Я честно сказал Гемпелю:
– Отвратительный дом.
Он меня не слышал. Как завороженный, он шагнул к подъезду и открыл дверь. Я вошел за ним следом.
Мы поднялись на два пролета и остановились перед обшарпанной дверью. Гемпель глянул на меня дико и озорно. Я его таким уж и не помнил. Его дреды стояли дыбом, глаза светились лукавством, они казались невероятно добрыми. Таким добрым бывает только очень юное существо, которому просто никто еще не объяснил, что в мире встречаются плохие дяди и нечуткие тети. Щенки такими бывают. Котята – нет, котята знают о плохих дядях и тетях с рождения. Поэтому, кстати, кошки считаются умнее собак. Что до людей, то «собаковидных» – приблизительно одна десятая от общего числа всего человечества; причем к десятилетнему возрасту эта особенность напрочь изживается.
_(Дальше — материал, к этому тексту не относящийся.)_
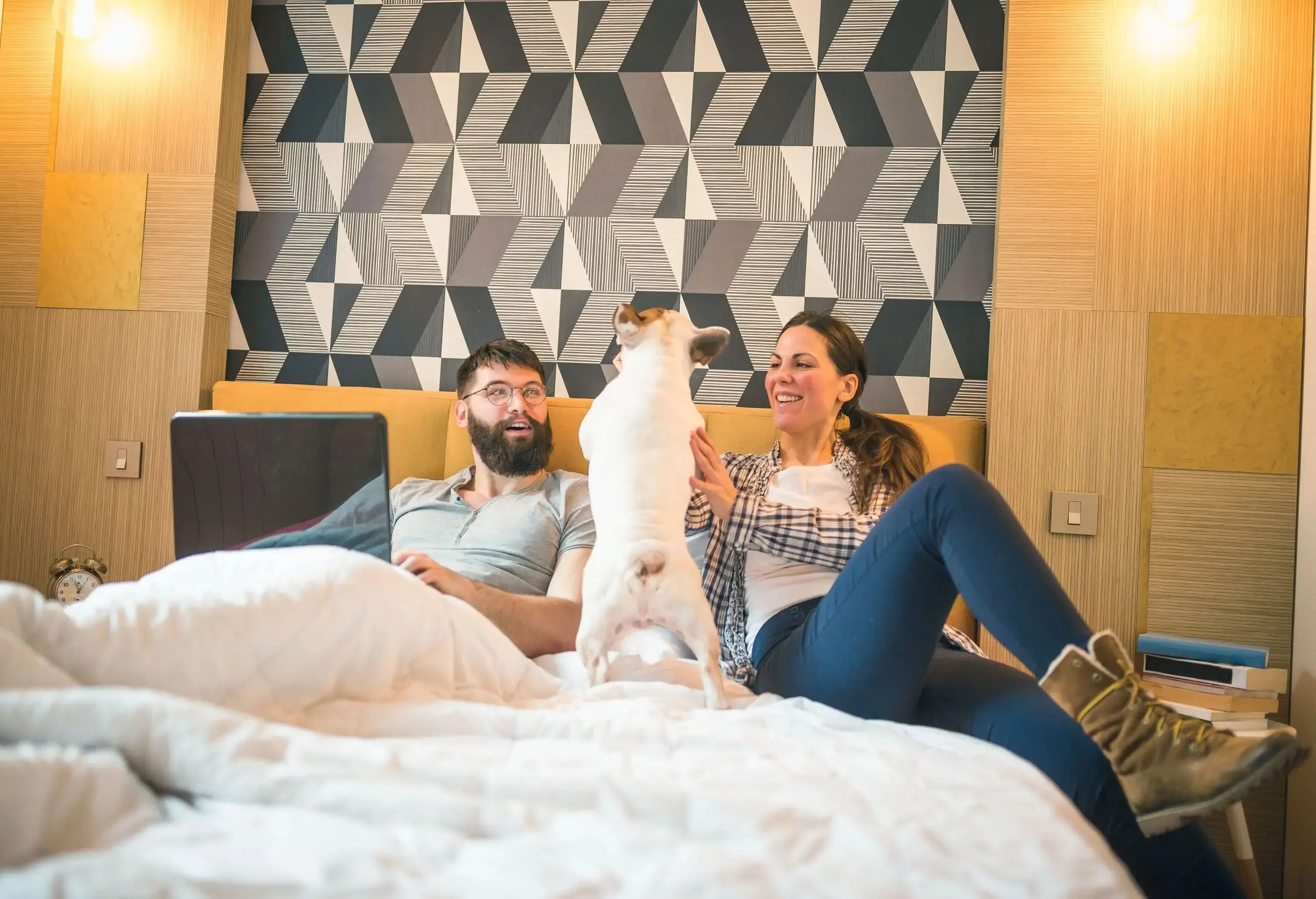 A couple is seated on their bed, with the woman stroking their dog and the man using a laptop.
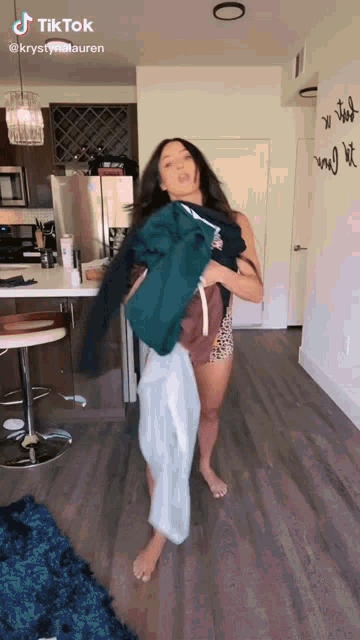 a woman is standing in a kitchen holding a sweater and a towel ..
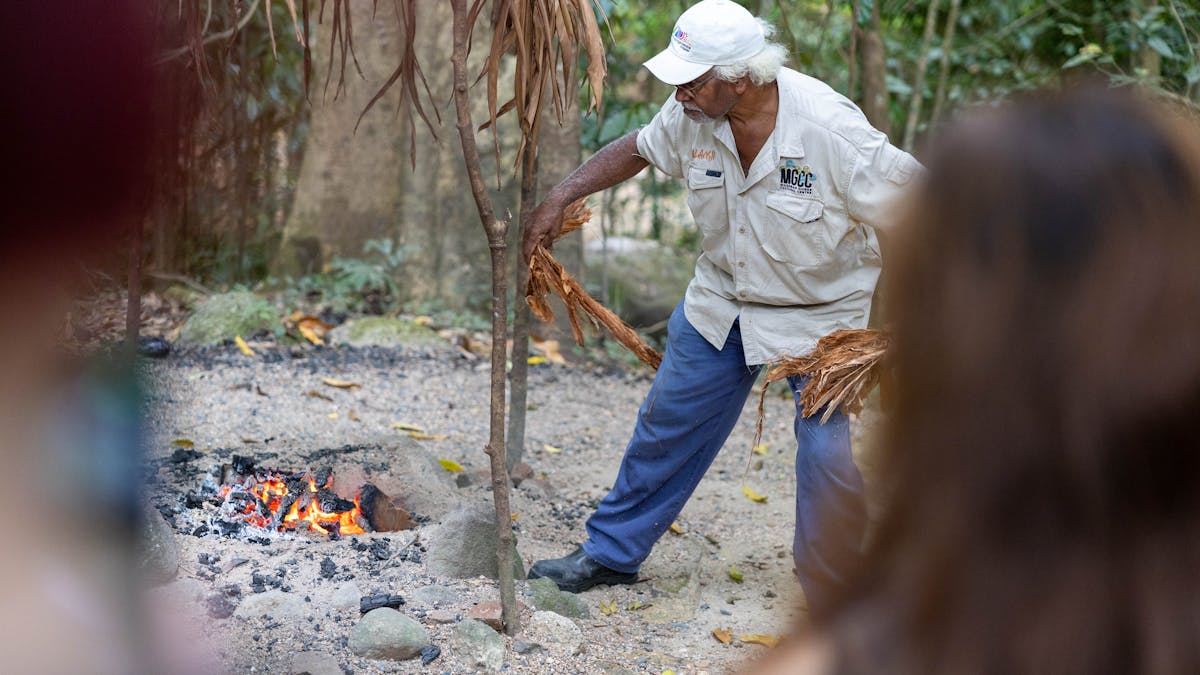 Kuku Yalanji Tribe Member Prepping the fire for a traditional sacred smoke cleansing ceremony Kuku Yalanji Tribe Member Prepping the fire for a traditional sacred smoke cleansing ceremony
В общем, Гемпель выглядел по-детски чистым, наивным и нежным, когда вынес дверь ударом ноги. Петли вылетели напрочь, дверь опасно накренилась, повисла, подумала и рухнула. Гемпель ворвался в квартиру, где одурманивающе пахло аптекой (на самом деле это был запах йода, источаемого морепродуктами). Я осторожно забрался туда вслед за ним. Хоть квартира и выглядела необитаемой, мне все же было боязно. И страшился я именно представителей закона, а вовсе не тех существ, которые, возможно, прятались в глубине темного коридора.
Гемпель пощелкал невидимым выключателем – безрезультатно. Он вынул из кармана фонарик и осветил коридор. Как и ожидалось, мелькнули очень старые, повсеместно засаленные обои – темно-красные с ужасными золотыми узорами, торчащий из стены черный счетчик электроэнергии, еле-еле шевелящийся, радиоточка, из которой, если прислушаться, сочились какие-то неуловимые звуки, и огромное пугающее зеркало с черными старушечьими пятнами. Ни одежды, ни разного хлама, обычно выставленного в таких коридорах, не наблюдалось. Посреди тянулся по грязному паркету длинный мокрый след, как будто волокли сырое белье.